Task directions
The reply must repeat each entry exactly and contain no pictures.

[Opening Recorded data section]

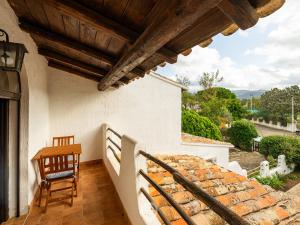 Sardinian Seaside Bliss img35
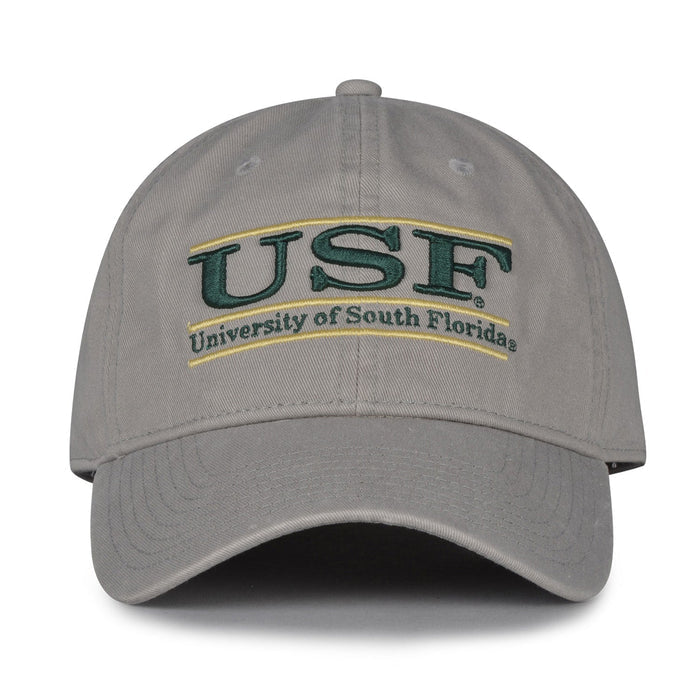 Dad Cap - G19-CSP00125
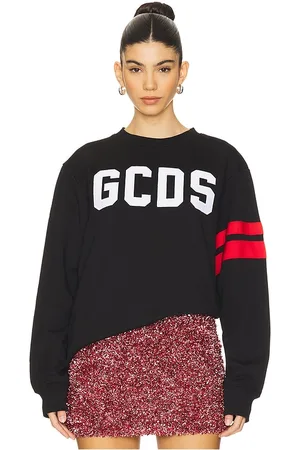 GCDS RAS DE COU in .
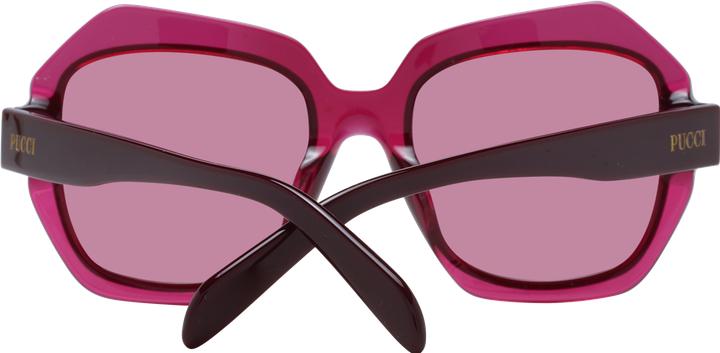 Produktbild Emilio Pucci Sonnenbrille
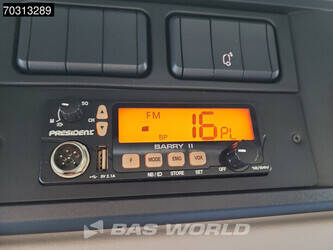 2021-daf-xf-480-1431556-45966323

[Closing Recorded data section]

Answer space
 Sardinian Seaside Bliss img35
 Dad Cap - G19-CSP00125
 GCDS RAS DE COU in .
 Produktbild Emilio Pucci Sonnenbrille
 2021-daf-xf-480-1431556-45966323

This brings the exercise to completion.